[Assignment]
All lines from the one containing "Recep Ivedik wearing" down to the one containing "The Revibe Shop", both ends included, are to be given again exactly; omit the rest of the listing below.

[Supplied entries]
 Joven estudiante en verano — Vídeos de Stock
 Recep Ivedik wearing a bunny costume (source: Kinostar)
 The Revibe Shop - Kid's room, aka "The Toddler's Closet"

...

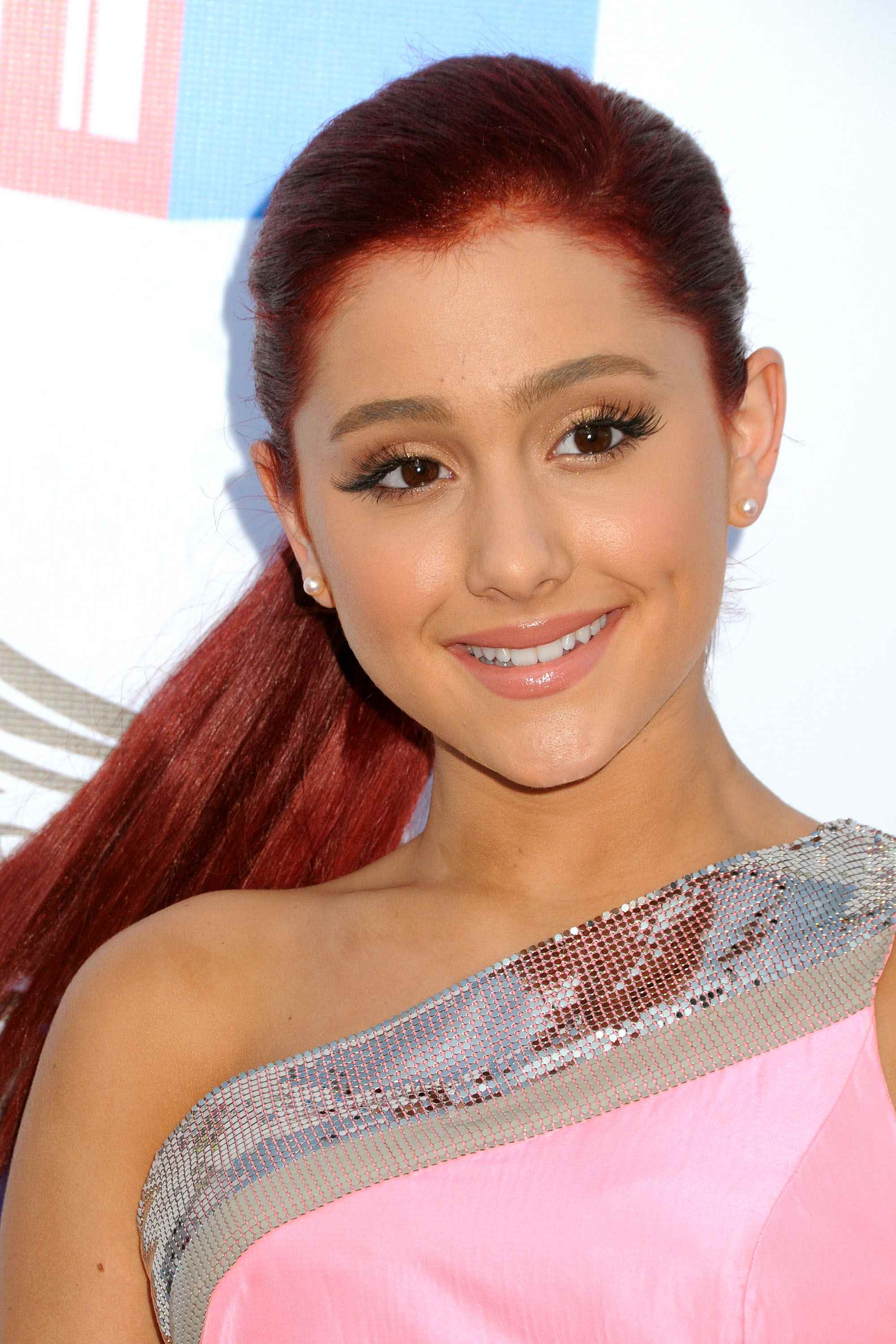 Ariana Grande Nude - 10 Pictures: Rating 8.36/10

---

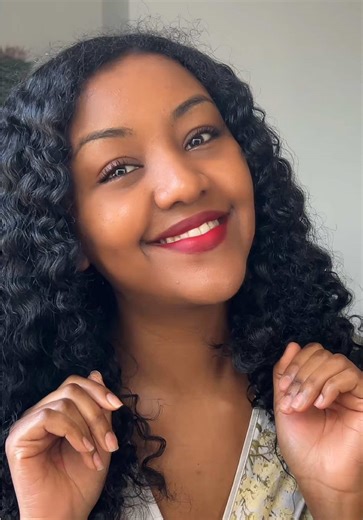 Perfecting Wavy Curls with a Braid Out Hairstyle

[Solution for this problem]
 Recep Ivedik wearing a bunny costume (source: Kinostar)
 The Revibe Shop - Kid's room, aka "The Toddler's Closet"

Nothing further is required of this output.